(Short descriptive text snippets)
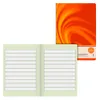 A product shot of an open notebook and a closed notebook with a colorful cover. Produktbild-Vorschau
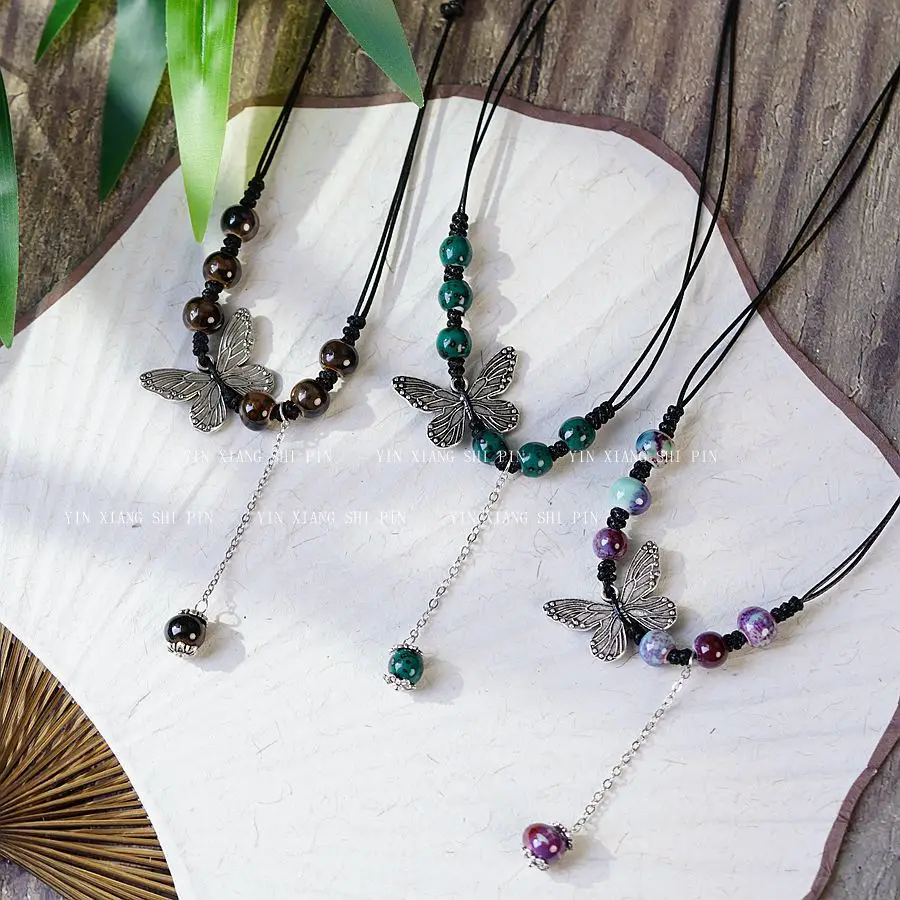 Chinese Butterfly Drawstring Necklace for Women — feature 3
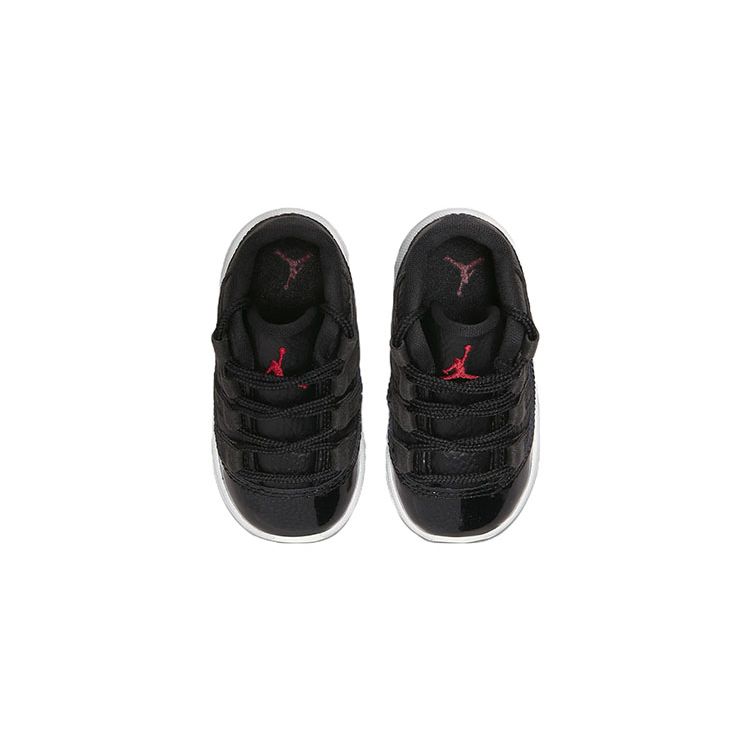 Кроссовки Air Jordan 11 Retro Low TD 72-10 Black White Sail 505836-001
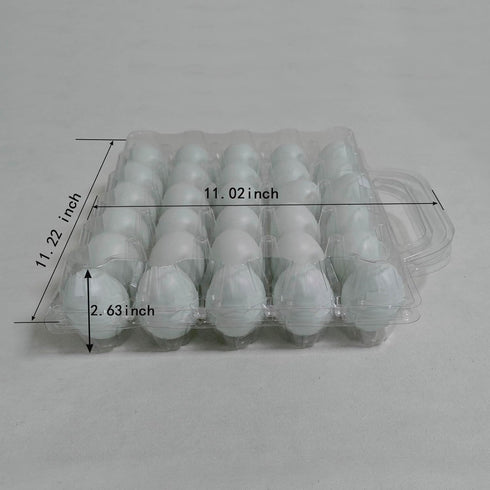 30 Pack Kitchens(5 6) Portable Egg Cartons,Reusable clear egg carton cheap bulk, Suitable For Storing Egg in Farmers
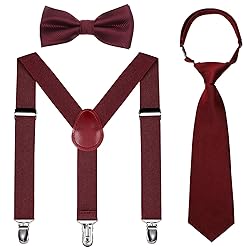Kajeer Kids Suspender Bowtie Necktie Sets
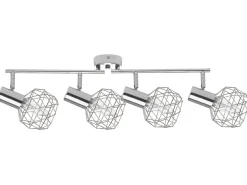 Candeeiro De Teto Em Metal Prateado Chenab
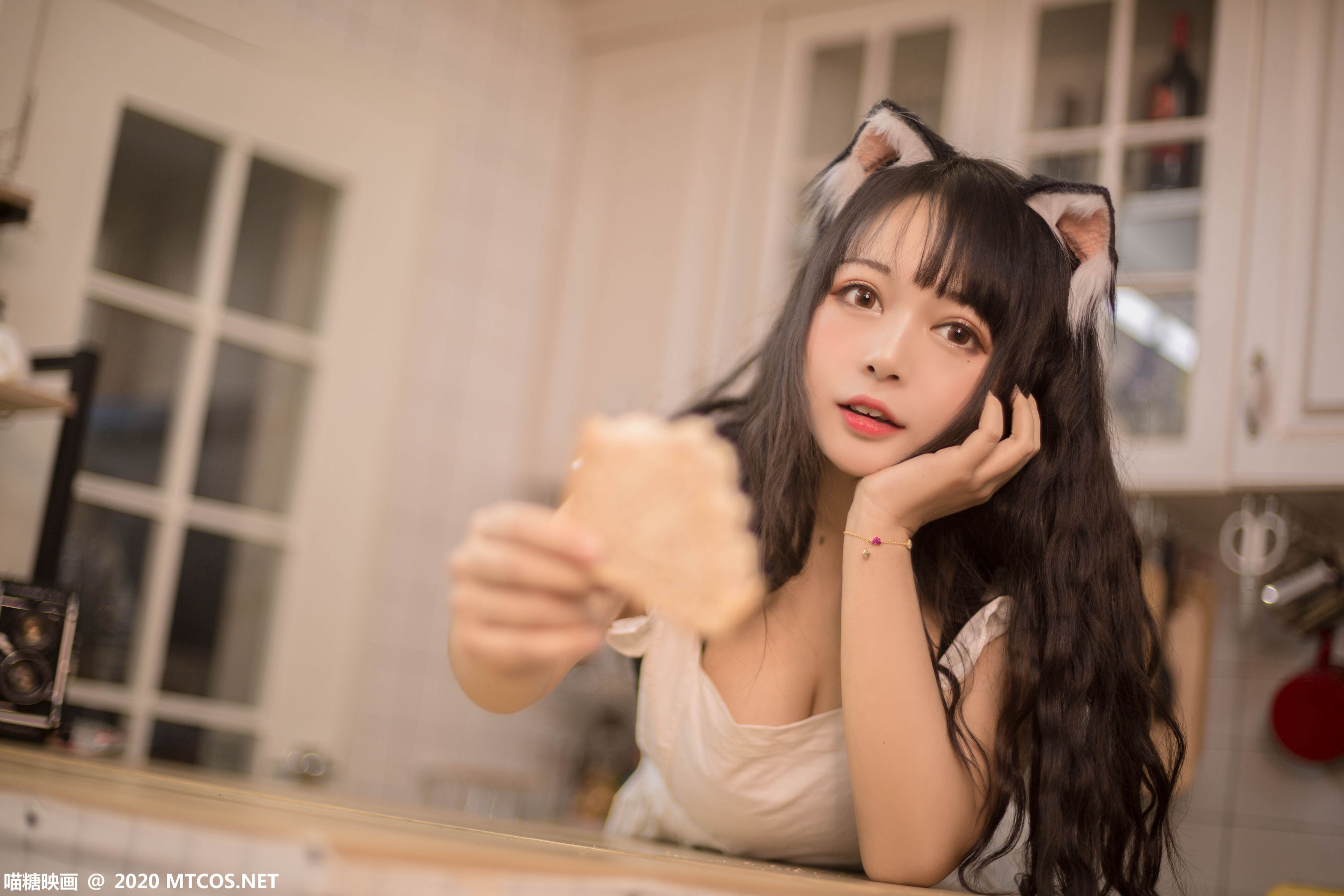 [喵糖映画] VOL.296 黑猫猫OvO 厨房猫娘_第4张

### The problem
Reproduce exactly and only the lines from the one with "Candeeiro De Teto Em Metal Prateado Chenab" through the final line of the records above, inclusive. Pictures must be left out.

### Problem solution
 Candeeiro De Teto Em Metal Prateado Chenab
 [喵糖映画] VOL.296 黑猫猫OvO 厨房猫娘_第4张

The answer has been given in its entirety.